Sort strings containing numbers

How can I sort this, first by 2nd field then by 1st field.

tried

sort -b -k 2,2

Input:

AS11 AB1
BD34 AB10
AF12 AC2
A345 AB10
R134 AB2
456  AC10
TTT2 BD12

desired output:

AS11 AB1
R134 AB2
A345 AB10
BD34 AB10
AF12 AC2
456  AC10
TTT2 BD12

For your sample input, where you want to perform an alphabetic sort on the 1st two characters of the 2nd field as the primary key, a numeric sort on the remaining characters in the 2nd field as the secondary key, and an alphanumeric sort on the 1st field as the tertiary key, the following should work:

sort -k2.1b,2.2b -k2.3bn,2 -k1,1 Input

If the length of the alphabetic strings at the start of the 2nd field is variable length, or if you also want to split the 1st field into alpha and numeric portions and sort them as separate keys as well, the following should work:

#!/bin/ksh
TMPF=${0##*/}.$$
awk -v tmpf="$TMPF" '
BEGIN {	sort = "sort -t, -k3,3 -k4b,4bn -k1,1 -k2b,2bn > \"" tmpf "\""
}
{	match($1, /[0-9]/)
	printf("%s,%s,", substr($1, 1, RSTART - 1), substr($1, RSTART)) | sort
	match($2, /[0-9]/)
	printf("%s,%s,%d\n", substr($2, 1, RSTART - 1), substr($2, RSTART), NR) | sort
	l[NR] = $0
}
END {	close(sort)
	FS = ","
	while((getline < tmpf) == 1)
		print l[$5]
	close(tmpf)
}' Input
rm -f "$TMPF"

This was written and tested using a Korn shell, but should work with any POSIX-conforming shell. If you want to try this on a Solaris/SunOS system, change awk to /usr/xpg4/bin/awk or nawk .

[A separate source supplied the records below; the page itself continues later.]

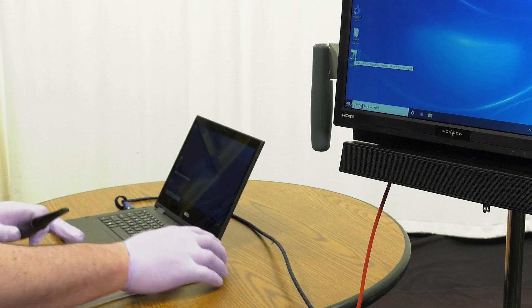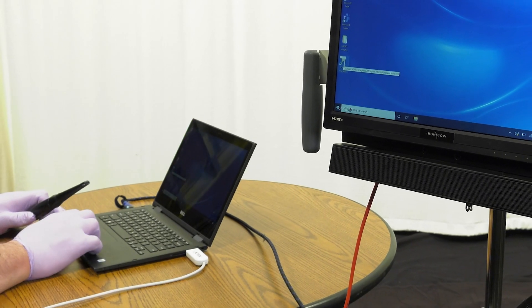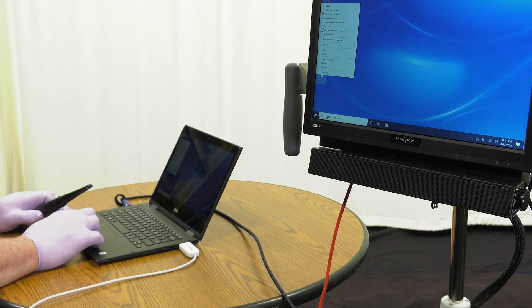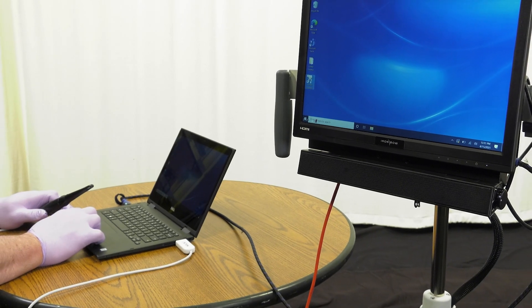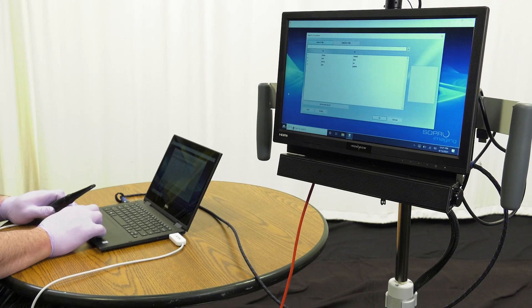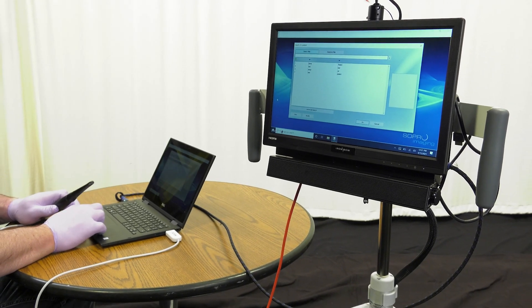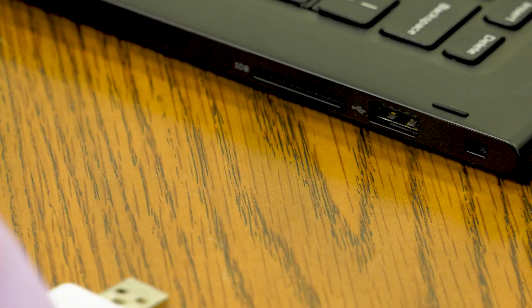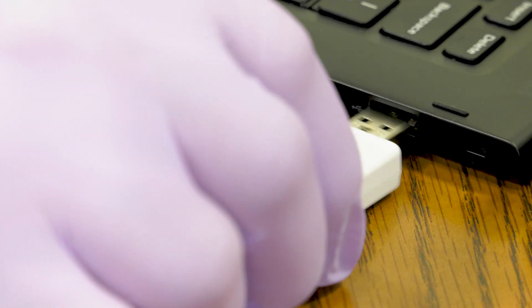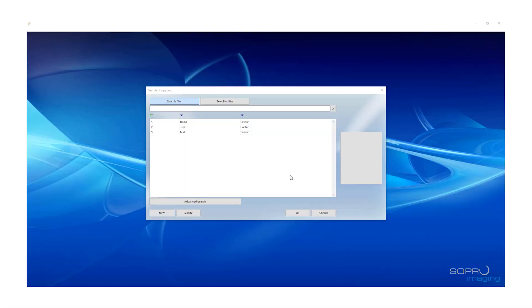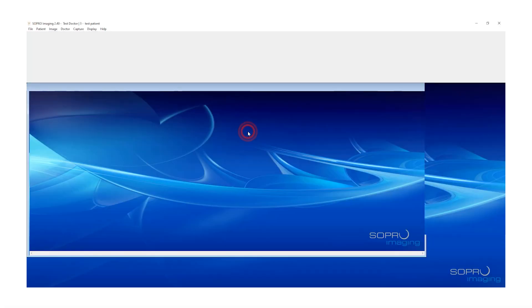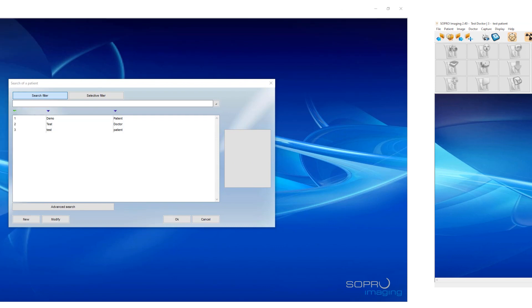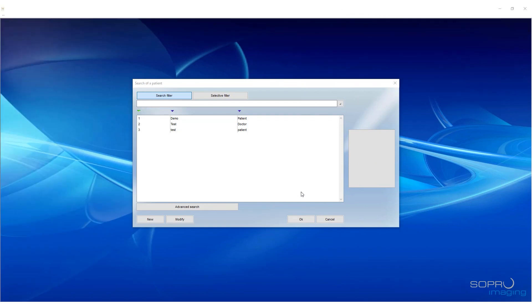To begin using the SoPro intraoral camera, open the software and ensure it launches properly. Connect the SoPro intraoral camera wand to the laptop using the USB cable. Once connected, select or create your patient.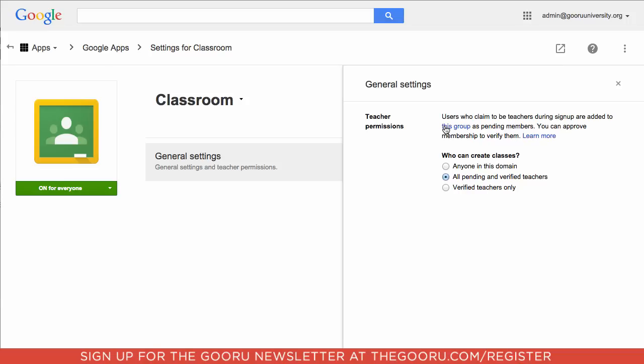I know a lot of domains have hundreds, if not thousands, of different groups, and finding this can be difficult. So this link will take you directly to the Classroom Teachers group.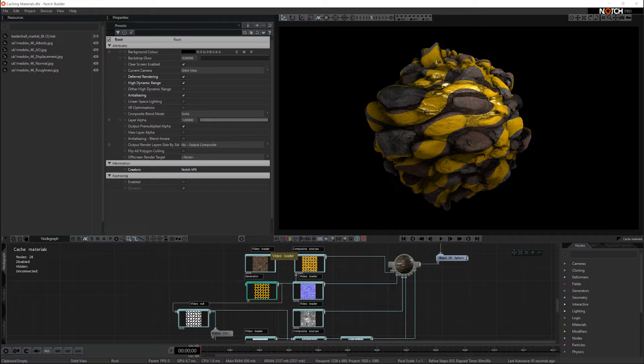Notch is great for making really complicated materials. These materials can be made out of lots of generators and lots of video loaders that are compiled together to create the material that you want.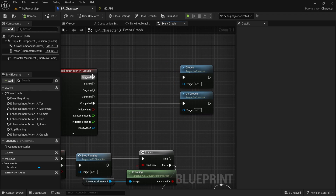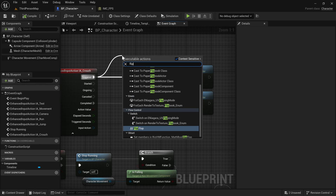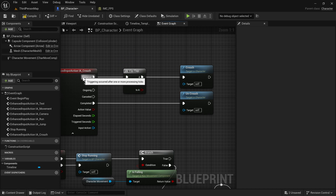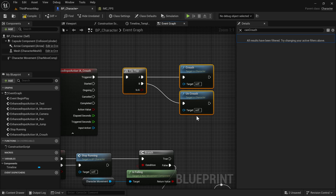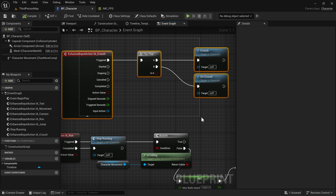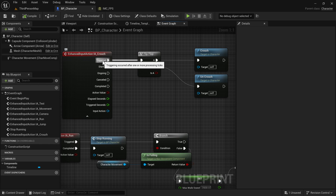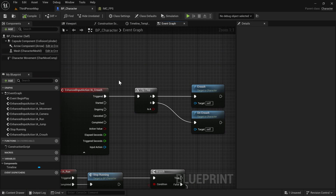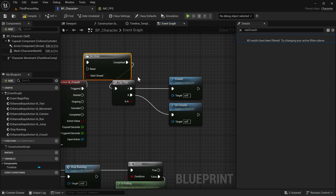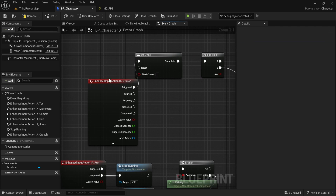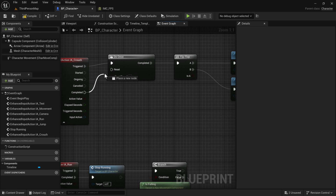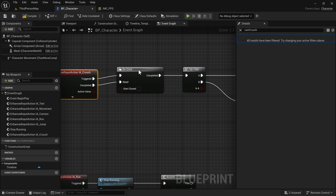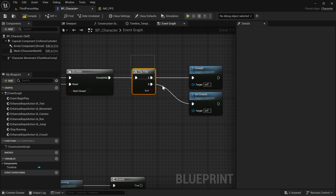You can also make this a toggle crouch. One simple way is to use the Flip Flop node, which alternates between A and B outputs starting with A. However, since the Triggered event gets called many times while holding, this will constantly swap between crouching and uncrouching, which looks really weird. So add a Do Once node before the Flip Flop — that ensures this is only called once until we call the Reset node, which we trigger on Completed.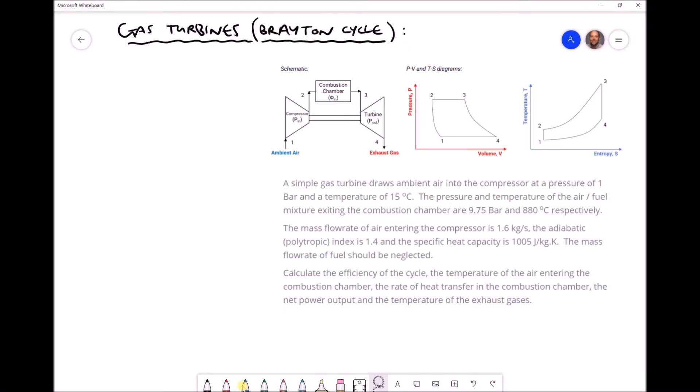In the previous video we introduced gas turbine power plants and looked at how the Brayton cycle can be used to model gas turbines. In this tutorial we're going to continue looking at gas turbines, focusing on specific calculations: determining the net power output, heat input, and thermal efficiency. At the top of the screen we have our schematic diagram along with PV and TS diagrams used to model the gas turbine power plant.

The above should work on any system. Some versions of sort have simpler ways of sorting alphabetic and numeric parts of individual fields and some versions of awk have built-in sort features; but since you didn't bother telling us what operating system you're using, I limited my response to more portable code.

2 Likes

Hi.

Utility msort recognizes a hybrid string as in this example:

#!/usr/bin/env bash

# @(#) s1       Demonstrate comparing hybrid strings, msort.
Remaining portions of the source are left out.